Find how many lines of the following entries contain "Bright". Reply with the number alone.
====================
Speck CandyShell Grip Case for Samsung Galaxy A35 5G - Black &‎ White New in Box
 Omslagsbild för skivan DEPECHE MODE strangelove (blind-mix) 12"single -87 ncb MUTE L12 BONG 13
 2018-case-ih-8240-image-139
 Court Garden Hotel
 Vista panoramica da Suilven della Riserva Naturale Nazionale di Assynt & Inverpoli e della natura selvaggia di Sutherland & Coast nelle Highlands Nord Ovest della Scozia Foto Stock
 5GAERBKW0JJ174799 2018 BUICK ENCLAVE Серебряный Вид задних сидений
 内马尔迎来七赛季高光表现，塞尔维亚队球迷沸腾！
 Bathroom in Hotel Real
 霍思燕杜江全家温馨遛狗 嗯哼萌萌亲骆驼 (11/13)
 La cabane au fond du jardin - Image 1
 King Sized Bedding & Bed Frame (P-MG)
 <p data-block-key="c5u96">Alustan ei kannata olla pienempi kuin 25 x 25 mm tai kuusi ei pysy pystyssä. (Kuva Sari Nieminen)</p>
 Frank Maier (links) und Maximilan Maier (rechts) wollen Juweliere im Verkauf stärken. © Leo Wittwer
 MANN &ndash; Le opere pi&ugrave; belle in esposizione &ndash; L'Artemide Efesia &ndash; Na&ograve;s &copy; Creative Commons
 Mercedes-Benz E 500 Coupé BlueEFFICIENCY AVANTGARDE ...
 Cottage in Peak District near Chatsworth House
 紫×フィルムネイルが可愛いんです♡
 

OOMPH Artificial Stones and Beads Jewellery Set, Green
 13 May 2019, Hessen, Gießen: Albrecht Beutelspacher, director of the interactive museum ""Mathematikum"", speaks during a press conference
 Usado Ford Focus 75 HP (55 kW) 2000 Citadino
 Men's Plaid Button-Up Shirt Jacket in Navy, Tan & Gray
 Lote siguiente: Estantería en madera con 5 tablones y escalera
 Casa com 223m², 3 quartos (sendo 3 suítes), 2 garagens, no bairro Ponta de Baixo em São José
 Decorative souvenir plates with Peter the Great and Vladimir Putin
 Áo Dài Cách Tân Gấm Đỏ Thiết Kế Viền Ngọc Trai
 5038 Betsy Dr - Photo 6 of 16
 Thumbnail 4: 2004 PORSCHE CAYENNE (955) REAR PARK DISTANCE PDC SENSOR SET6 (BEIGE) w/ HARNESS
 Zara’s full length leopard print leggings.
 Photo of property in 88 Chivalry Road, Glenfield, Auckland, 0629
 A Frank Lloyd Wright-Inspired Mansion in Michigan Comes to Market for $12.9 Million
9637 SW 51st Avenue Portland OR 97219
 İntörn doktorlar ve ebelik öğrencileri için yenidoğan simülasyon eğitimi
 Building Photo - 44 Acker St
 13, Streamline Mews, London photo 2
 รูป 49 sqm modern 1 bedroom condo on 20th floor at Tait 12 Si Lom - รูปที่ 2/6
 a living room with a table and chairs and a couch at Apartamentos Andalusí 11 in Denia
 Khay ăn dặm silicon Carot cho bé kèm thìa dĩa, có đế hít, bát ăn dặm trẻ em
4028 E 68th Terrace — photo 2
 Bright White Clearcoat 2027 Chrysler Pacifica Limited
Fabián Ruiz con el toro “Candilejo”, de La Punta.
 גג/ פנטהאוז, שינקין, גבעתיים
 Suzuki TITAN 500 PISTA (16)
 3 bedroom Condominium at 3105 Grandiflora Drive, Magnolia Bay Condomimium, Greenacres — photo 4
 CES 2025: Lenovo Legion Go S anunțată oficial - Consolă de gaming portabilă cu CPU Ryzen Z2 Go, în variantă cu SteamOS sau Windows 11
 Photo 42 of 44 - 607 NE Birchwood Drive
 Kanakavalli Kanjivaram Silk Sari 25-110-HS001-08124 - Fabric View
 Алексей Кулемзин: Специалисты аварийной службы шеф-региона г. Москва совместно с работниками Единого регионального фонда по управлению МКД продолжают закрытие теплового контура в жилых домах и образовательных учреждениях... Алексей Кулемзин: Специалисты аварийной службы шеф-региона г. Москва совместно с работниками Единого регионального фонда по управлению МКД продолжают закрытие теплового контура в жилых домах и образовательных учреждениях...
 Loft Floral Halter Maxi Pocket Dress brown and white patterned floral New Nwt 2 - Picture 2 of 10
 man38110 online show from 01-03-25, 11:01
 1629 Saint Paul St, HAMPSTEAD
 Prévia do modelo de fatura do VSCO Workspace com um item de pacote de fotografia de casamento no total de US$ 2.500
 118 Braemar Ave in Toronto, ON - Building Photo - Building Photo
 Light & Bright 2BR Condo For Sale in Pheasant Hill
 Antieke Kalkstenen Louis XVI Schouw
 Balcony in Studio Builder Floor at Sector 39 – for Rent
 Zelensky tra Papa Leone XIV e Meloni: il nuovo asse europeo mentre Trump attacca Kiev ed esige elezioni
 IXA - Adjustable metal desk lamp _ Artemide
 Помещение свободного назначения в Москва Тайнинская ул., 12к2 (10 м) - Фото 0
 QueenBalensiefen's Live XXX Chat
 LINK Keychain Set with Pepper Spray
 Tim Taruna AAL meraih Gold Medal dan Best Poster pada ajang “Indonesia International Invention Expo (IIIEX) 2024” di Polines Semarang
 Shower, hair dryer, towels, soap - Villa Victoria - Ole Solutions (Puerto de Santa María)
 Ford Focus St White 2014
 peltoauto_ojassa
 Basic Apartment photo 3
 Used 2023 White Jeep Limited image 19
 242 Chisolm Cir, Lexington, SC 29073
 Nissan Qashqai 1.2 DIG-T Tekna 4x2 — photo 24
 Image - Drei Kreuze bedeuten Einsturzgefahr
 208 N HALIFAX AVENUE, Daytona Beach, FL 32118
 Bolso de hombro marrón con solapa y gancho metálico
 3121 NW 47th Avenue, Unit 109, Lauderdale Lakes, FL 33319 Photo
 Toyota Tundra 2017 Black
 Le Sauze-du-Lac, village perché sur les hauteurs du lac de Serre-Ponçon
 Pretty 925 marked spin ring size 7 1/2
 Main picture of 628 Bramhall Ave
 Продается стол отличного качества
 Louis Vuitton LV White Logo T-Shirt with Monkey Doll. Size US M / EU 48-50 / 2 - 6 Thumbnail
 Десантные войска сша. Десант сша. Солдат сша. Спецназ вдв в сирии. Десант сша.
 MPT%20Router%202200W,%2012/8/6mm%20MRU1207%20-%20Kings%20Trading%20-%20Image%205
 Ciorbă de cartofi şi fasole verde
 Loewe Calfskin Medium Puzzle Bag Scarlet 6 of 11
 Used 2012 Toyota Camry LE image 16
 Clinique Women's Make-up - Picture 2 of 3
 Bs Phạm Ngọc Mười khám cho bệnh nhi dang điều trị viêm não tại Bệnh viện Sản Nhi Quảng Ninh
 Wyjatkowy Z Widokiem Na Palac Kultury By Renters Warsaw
====================
EXPECTED ANSWER: 2